CBSA initiates investigations into dumping and subsidizing of certain steel plates from India and Russia

THE Canada Border Services Agency (CBSA) announced on Wednesday that it is initiating investigations into the alleged injurious dumping and subsidizing of certain hot-rolled carbon steel plate and high-strength low-alloy steel plate originating in or exported from the Republic of India (India) and the Russian Federation (Russia).

The investigations follows a complaint filed on April 20 by Essar Steel Algoma Inc. of Sault Ste. Marie, Ontario (the complainant). The complainant alleges that the dumping and subsidizing of these goods are harming Canadian production by causing the following: price undercutting, erosion and suppression; lost sales and market share; financial results; overcapacity in the domestic industry; negative impact on capital investments; and loss of employment.

The Canadian International Trade Tribunal (Tribunal) will begin a preliminary inquiry to determine whether the imports are harming Canadian producers and will issue a decision by August 10. While the Tribunal is examining the question of injury, the CBSA will investigate whether the imports are being dumped and / or subsidized, and will make a preliminary decision by September 8.
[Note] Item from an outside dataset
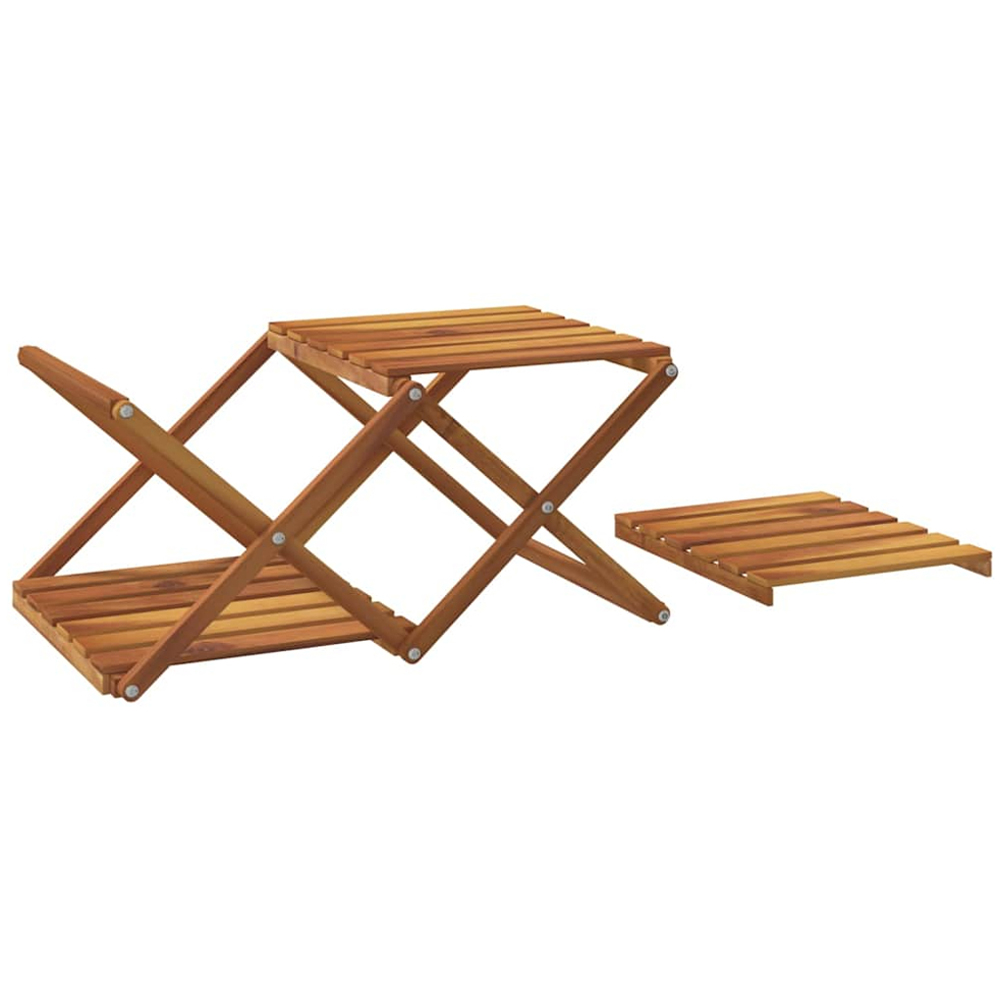 vidaXL 3 Shelf Brown Solid Acacia Wood Foldable Slatted Display Unit Image 6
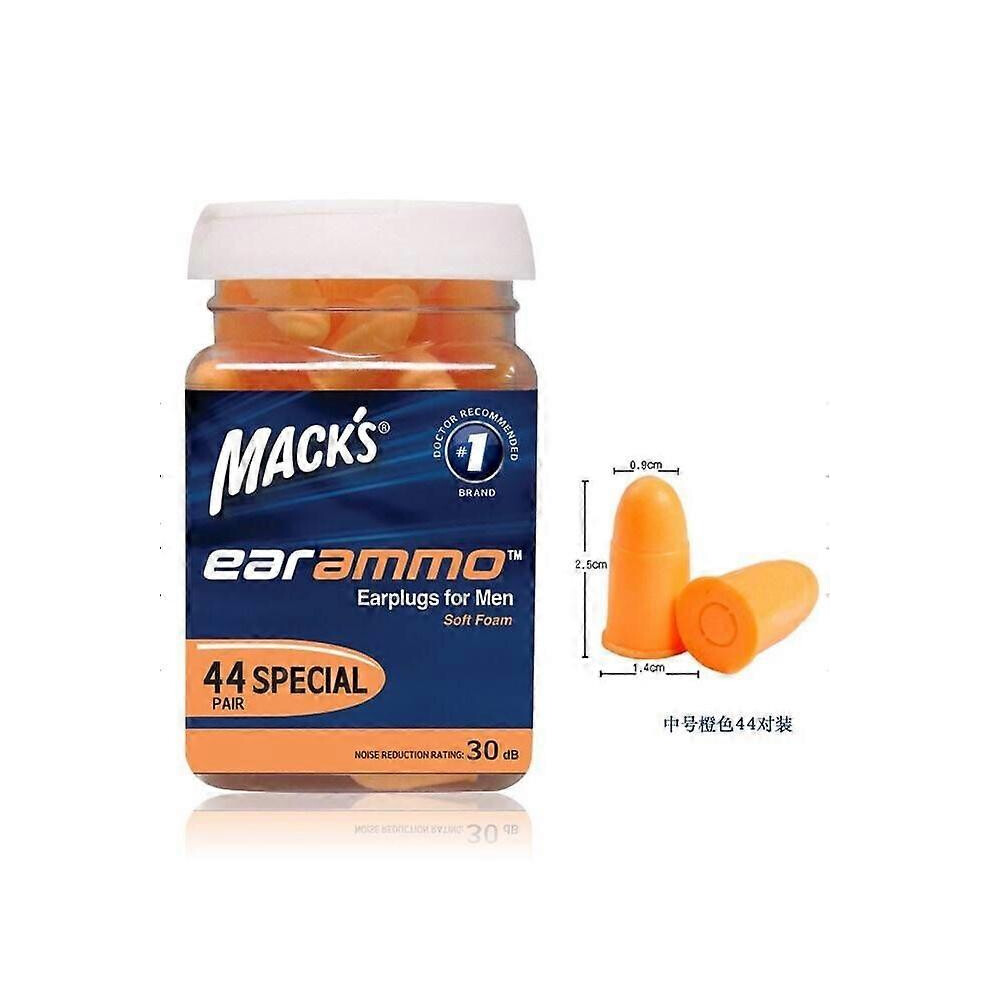 (Orange) 50Pairs Mack's Ultra Soft Foam Earplugs Noise Reduction Comfortable Earplug Sleep Ear Plugs 3247719435564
If the CBSA makes a preliminary determination of dumping and / or subsidizing, the investigations will be continued for the purpose of making a final decision within 90 days after the date of the preliminary determination.

If the CBSA’s investigations reveal that imports of the subject goods have not been dumped or subsidized, that the margin of dumping or amount of subsidy is insignificant or that the actual and potential volume of dumped or subsidized goods is negligible, the investigations will be terminated.

Although duties to counteract the dumping and subsidizing are normally only applied to goods released on or after the date of the CBSA’s preliminary determination(s), if the Tribunal determines that an unusually large increase in harmful imports has occurred prior to the CBSA’s decision and that the retroactive application of anti-dumping or countervailing duty is therefore justified, duty could be levied on the goods brought into Canada as of now.

A copy of the statement of reasons, which provides more details about these investigations, will be available on the CBSA’s website at within 15 days.


Quick Facts


* Dumping occurs when goods are sold to importers in Canada at prices that are less than their selling prices in the exporter’s domestic market or at unprofitable prices.

* Subsidizing occurs when goods imported into Canada benefit from foreign government financial assistance.

* The Special Import Measures Act protects Canadian producers from the damaging effects of such unfair trade.

* As of March 31, 2015, 44 such measures are in force, covering a wide variety of industrial and consumer products from steel products to bell peppers. These measures have directly helped to protect nearly 39,000 Canadian jobs and over $7.5 billion in Canadian production.